Las cosas empeoraron cuando Mariana empezó la universidad. Las fiestas se volvieron frecuentes; los amigos iban y venían como si viviéramos en una residencia estudiantil. Una madrugada, desperté con el ruido de risas y música. Salí al pasillo y encontré a Mariana bailando con tres chicos desconocidos. Me miró desafiante, como si yo fuera la intrusa.
—¿Podés bajar el volumen? Mañana trabajo temprano —le pedí, tratando de mantener la calma.
—Relajate, Sofi. Es viernes —me respondió, sin dejar de bailar.
Esa noche dormí en el sofá del cuarto de lavado. Julián ni siquiera se dio cuenta.
Los meses pasaron y la tensión se volvió rutina.
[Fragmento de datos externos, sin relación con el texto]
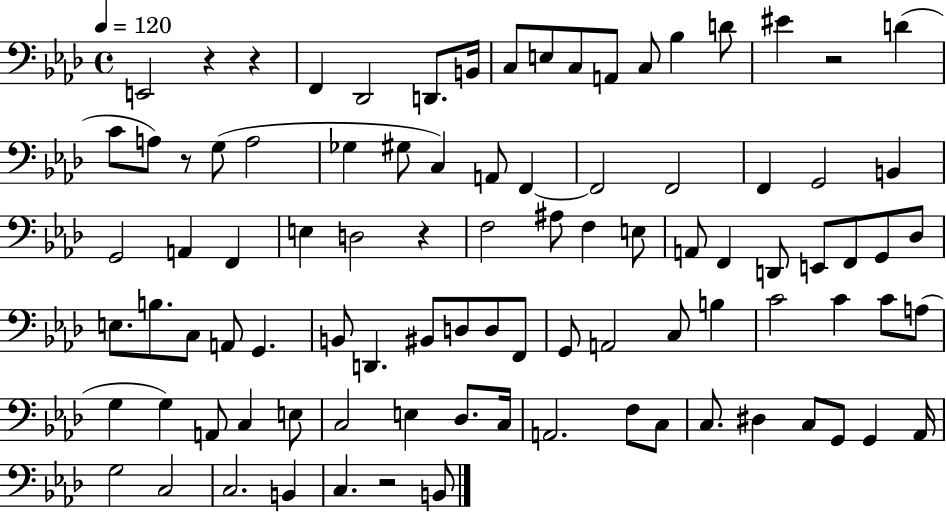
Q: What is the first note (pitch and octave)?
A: E2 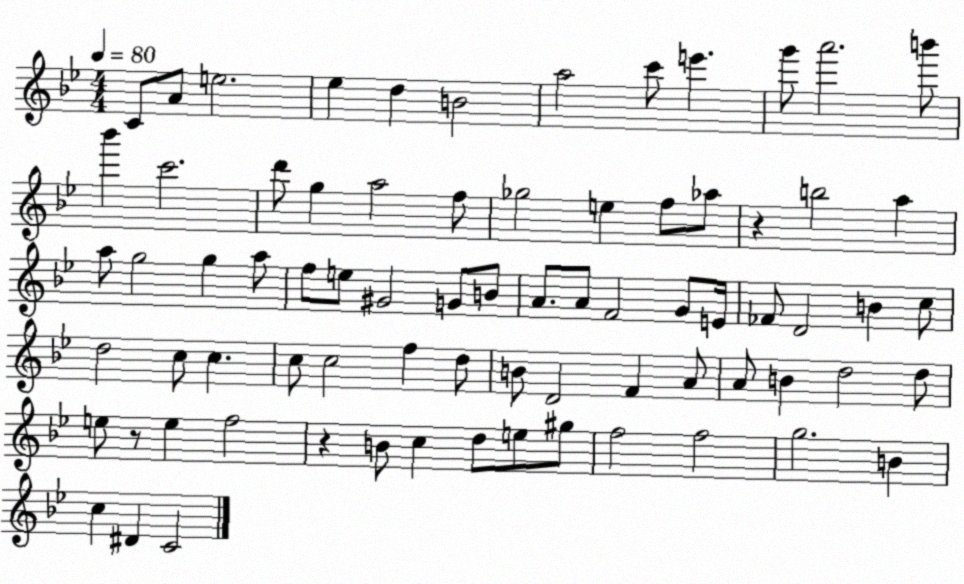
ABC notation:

X:1
T:Untitled
M:4/4
L:1/4
K:Bb
C/2 A/2 e2 _e d B2 a2 c'/2 e' g'/2 a'2 b'/2 _b' c'2 d'/2 g a2 f/2 _g2 e f/2 _a/2 z b2 a a/2 g2 g a/2 f/2 e/2 ^G2 G/2 B/2 A/2 A/2 F2 G/2 E/4 _F/2 D2 B c/2 d2 c/2 c c/2 c2 f d/2 B/2 D2 F A/2 A/2 B d2 d/2 e/2 z/2 e f2 z B/2 c d/2 e/2 ^g/2 f2 f2 g2 B c ^D C2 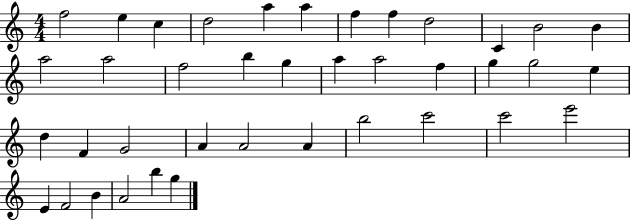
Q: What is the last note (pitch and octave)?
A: G5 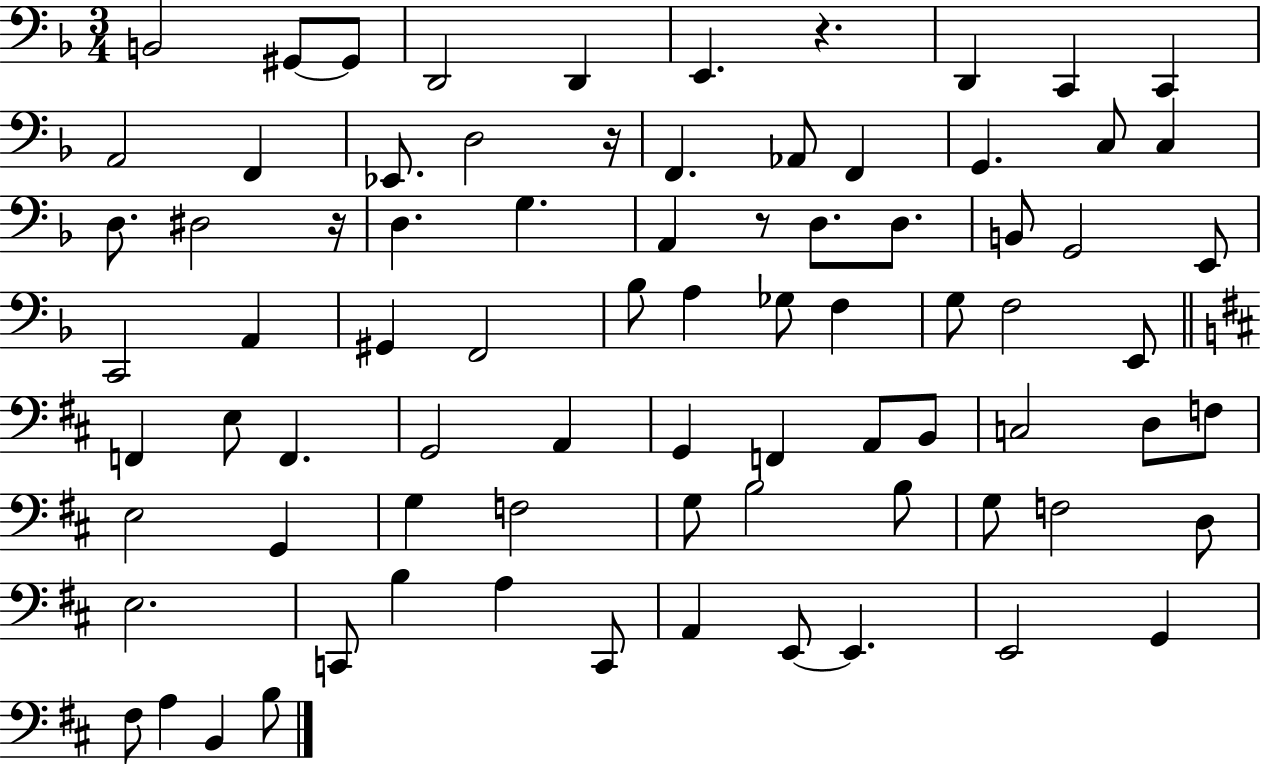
{
  \clef bass
  \numericTimeSignature
  \time 3/4
  \key f \major
  b,2 gis,8~~ gis,8 | d,2 d,4 | e,4. r4. | d,4 c,4 c,4 | \break a,2 f,4 | ees,8. d2 r16 | f,4. aes,8 f,4 | g,4. c8 c4 | \break d8. dis2 r16 | d4. g4. | a,4 r8 d8. d8. | b,8 g,2 e,8 | \break c,2 a,4 | gis,4 f,2 | bes8 a4 ges8 f4 | g8 f2 e,8 | \break \bar "||" \break \key b \minor f,4 e8 f,4. | g,2 a,4 | g,4 f,4 a,8 b,8 | c2 d8 f8 | \break e2 g,4 | g4 f2 | g8 b2 b8 | g8 f2 d8 | \break e2. | c,8 b4 a4 c,8 | a,4 e,8~~ e,4. | e,2 g,4 | \break fis8 a4 b,4 b8 | \bar "|."
} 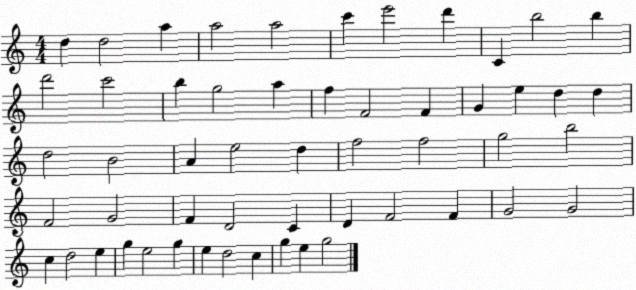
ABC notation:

X:1
T:Untitled
M:4/4
L:1/4
K:C
d d2 a a2 a2 c' e'2 d' C b2 b d'2 c'2 b g2 a f F2 F G e d d d2 B2 A e2 d f2 f2 g2 b2 F2 G2 F D2 C D F2 F G2 G2 c d2 e g e2 g e d2 c g e g2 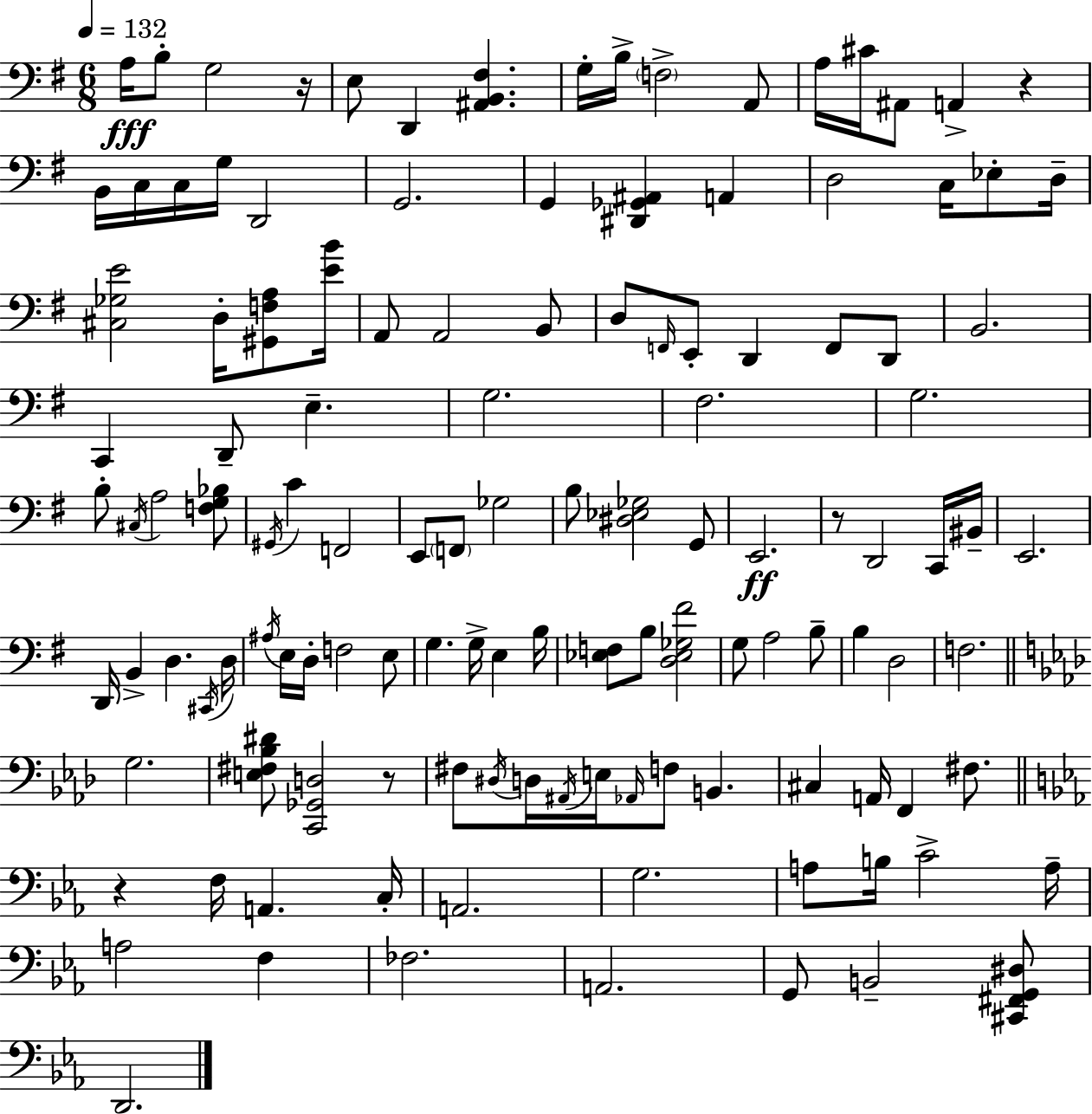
{
  \clef bass
  \numericTimeSignature
  \time 6/8
  \key e \minor
  \tempo 4 = 132
  a16\fff b8-. g2 r16 | e8 d,4 <ais, b, fis>4. | g16-. b16-> \parenthesize f2-> a,8 | a16 cis'16 ais,8 a,4-> r4 | \break b,16 c16 c16 g16 d,2 | g,2. | g,4 <dis, ges, ais,>4 a,4 | d2 c16 ees8-. d16-- | \break <cis ges e'>2 d16-. <gis, f a>8 <e' b'>16 | a,8 a,2 b,8 | d8 \grace { f,16 } e,8-. d,4 f,8 d,8 | b,2. | \break c,4 d,8-- e4.-- | g2. | fis2. | g2. | \break b8-. \acciaccatura { cis16 } a2 | <f g bes>8 \acciaccatura { gis,16 } c'4 f,2 | e,8 \parenthesize f,8 ges2 | b8 <dis ees ges>2 | \break g,8 e,2.\ff | r8 d,2 | c,16 bis,16-- e,2. | d,16 b,4-> d4. | \break \acciaccatura { cis,16 } d16 \acciaccatura { ais16 } e16 d16-. f2 | e8 g4. g16-> | e4 b16 <ees f>8 b8 <d ees ges fis'>2 | g8 a2 | \break b8-- b4 d2 | f2. | \bar "||" \break \key f \minor g2. | <e fis bes dis'>8 <c, ges, d>2 r8 | fis8 \acciaccatura { dis16 } d16 \acciaccatura { ais,16 } e16 \grace { aes,16 } f8 b,4. | cis4 a,16 f,4 | \break fis8. \bar "||" \break \key ees \major r4 f16 a,4. c16-. | a,2. | g2. | a8 b16 c'2-> a16-- | \break a2 f4 | fes2. | a,2. | g,8 b,2-- <cis, fis, g, dis>8 | \break d,2. | \bar "|."
} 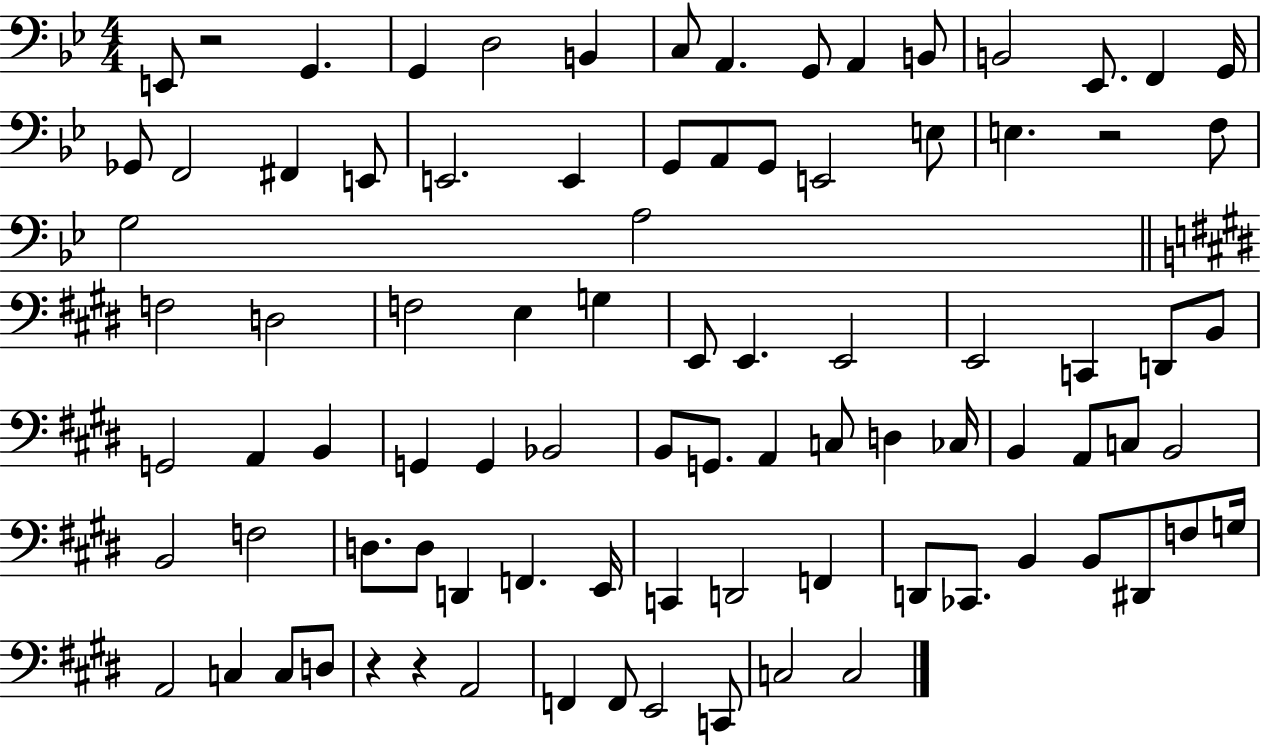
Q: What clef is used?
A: bass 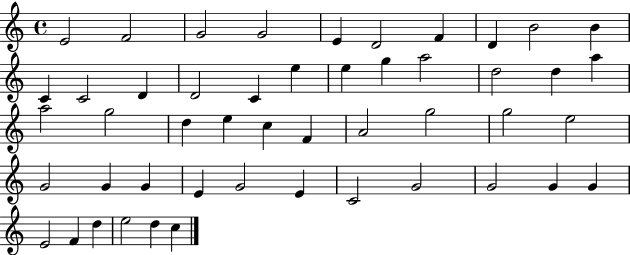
{
  \clef treble
  \time 4/4
  \defaultTimeSignature
  \key c \major
  e'2 f'2 | g'2 g'2 | e'4 d'2 f'4 | d'4 b'2 b'4 | \break c'4 c'2 d'4 | d'2 c'4 e''4 | e''4 g''4 a''2 | d''2 d''4 a''4 | \break a''2 g''2 | d''4 e''4 c''4 f'4 | a'2 g''2 | g''2 e''2 | \break g'2 g'4 g'4 | e'4 g'2 e'4 | c'2 g'2 | g'2 g'4 g'4 | \break e'2 f'4 d''4 | e''2 d''4 c''4 | \bar "|."
} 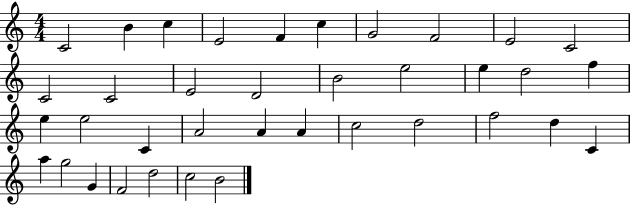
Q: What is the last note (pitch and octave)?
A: B4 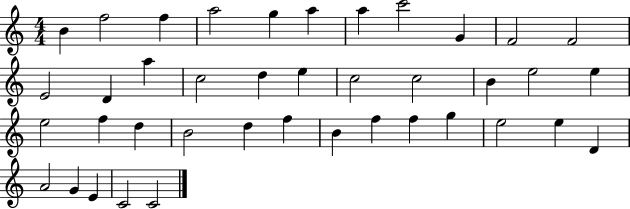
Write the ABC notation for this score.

X:1
T:Untitled
M:4/4
L:1/4
K:C
B f2 f a2 g a a c'2 G F2 F2 E2 D a c2 d e c2 c2 B e2 e e2 f d B2 d f B f f g e2 e D A2 G E C2 C2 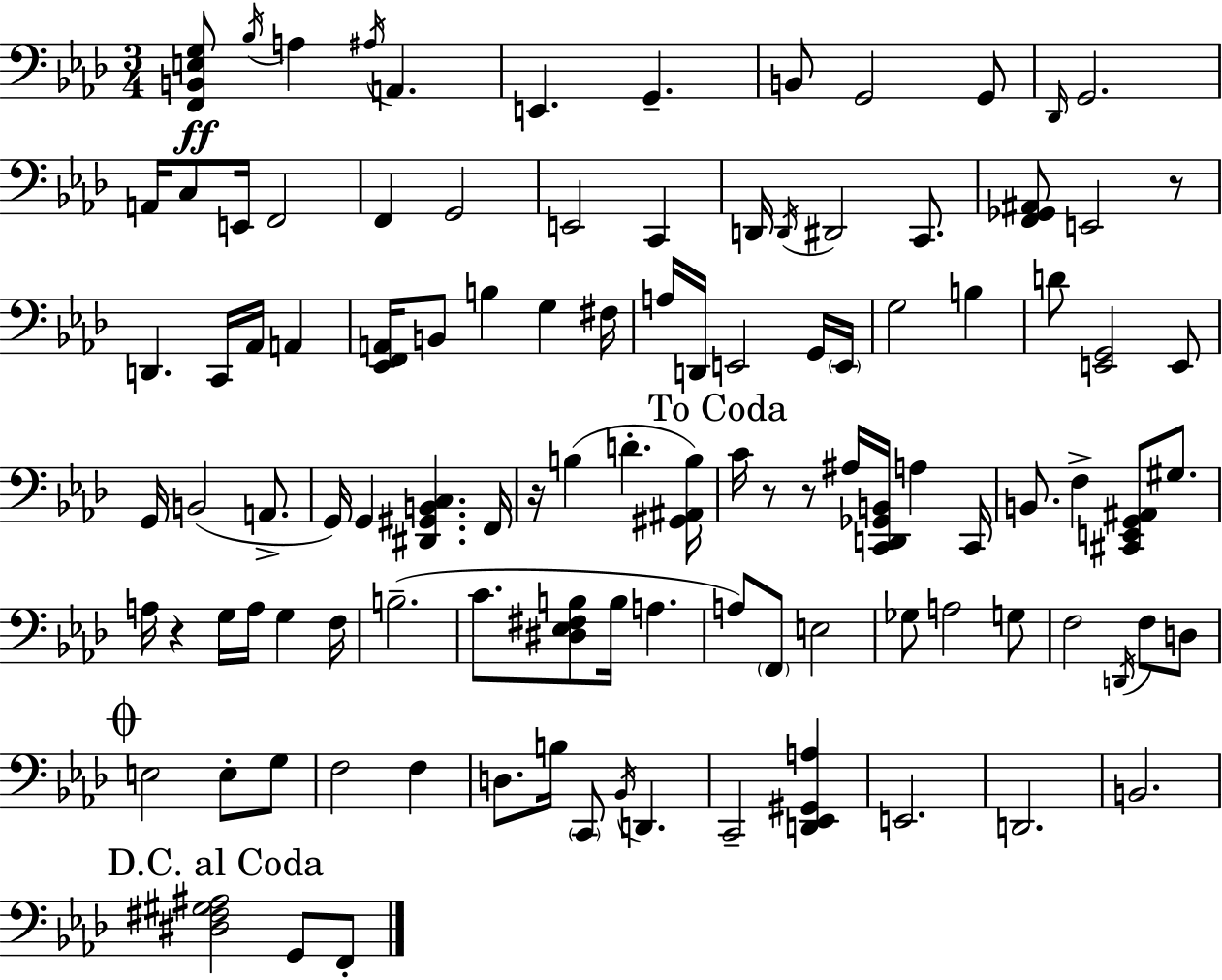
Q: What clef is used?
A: bass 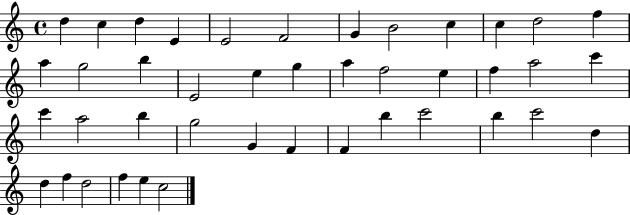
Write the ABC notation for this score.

X:1
T:Untitled
M:4/4
L:1/4
K:C
d c d E E2 F2 G B2 c c d2 f a g2 b E2 e g a f2 e f a2 c' c' a2 b g2 G F F b c'2 b c'2 d d f d2 f e c2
Mariana traía problemas del pueblo: llamadas de su madre pidiendo dinero, rumores de un novio violento al que había dejado atrás, historias tristes que usaba como escudo para justificar su comportamiento. Julián se desvivía por ayudarla; yo sentía que cada gesto suyo era una traición.
Un domingo por la tarde, mientras preparaba empanadas para el almuerzo familiar, escuché a Mariana llorar en su cuarto. Dudé en acercarme, pero la costumbre pudo más.
—¿Te pasa algo? —pregunté desde la puerta.
—Extraño a mi mamá —susurró, con los ojos hinchados—. No sé si voy a aguantar cinco años acá.
Por primera vez vi a Mariana como lo que era: una chica asustada, sola en una ciudad hostil. Me senté a su lado y le conté cómo había sido mi llegada, cómo lloraba cada noche extrañando el olor del café de mi abuela en San Salvador.
Por unas semanas, las cosas mejoraron. Compartimos recetas, salimos juntas al mercado, incluso reímos viendo novelas mexicanas en la tele. Pero la tregua fue breve: Mariana volvió a las fiestas y las discusiones con Julián se hicieron más frecuentes.
Una noche exploté. Grité todo lo que había callado durante meses: mi cansancio, mi miedo a perder mi matrimonio, mi rabia por sentirme desplazada en mi propio hogar.
—¡No puedo más! ¡Esta no es la vida que quería! —lloré frente a Julián y Mariana.
El silencio fue brutal. Mariana recogió sus cosas y se encerró en su cuarto. Julián me miró como si yo fuera una extraña.
—¿Qué querés que haga? ¿Que la echemos a la calle? —me preguntó con voz dura.
—Quiero recuperar mi casa —susurré.
Esa noche dormimos espalda con espalda. Al día siguiente, Julián se fue temprano al trabajo sin despedirse. Mariana salió sin decir palabra. La casa quedó en silencio por primera vez en meses y sentí un vacío inmenso.
Pasaron semanas antes de que pudiéramos hablar sin gritar o llorar. Finalmente, Julián aceptó buscarle un cuarto cerca de la universidad para el próximo semestre. Mariana no protestó; creo que también necesitaba su propio espacio.
El día que se fue, me abrazó fuerte y me susurró al oído: —Gracias por aguantarme todo este tiempo. No fue fácil para ninguna de las dos.
Ahora la casa está tranquila otra vez, pero algo cambió entre Julián y yo. Hay heridas que tardan en sanar; hay silencios que pesan más que cualquier grito.
A veces me pregunto: ¿cuánto estamos dispuestos a sacrificar por ayudar a la familia? ¿Dónde está el límite entre la solidaridad y el derecho a nuestra propia paz? ¿Ustedes qué harían si estuvieran en mi lugar?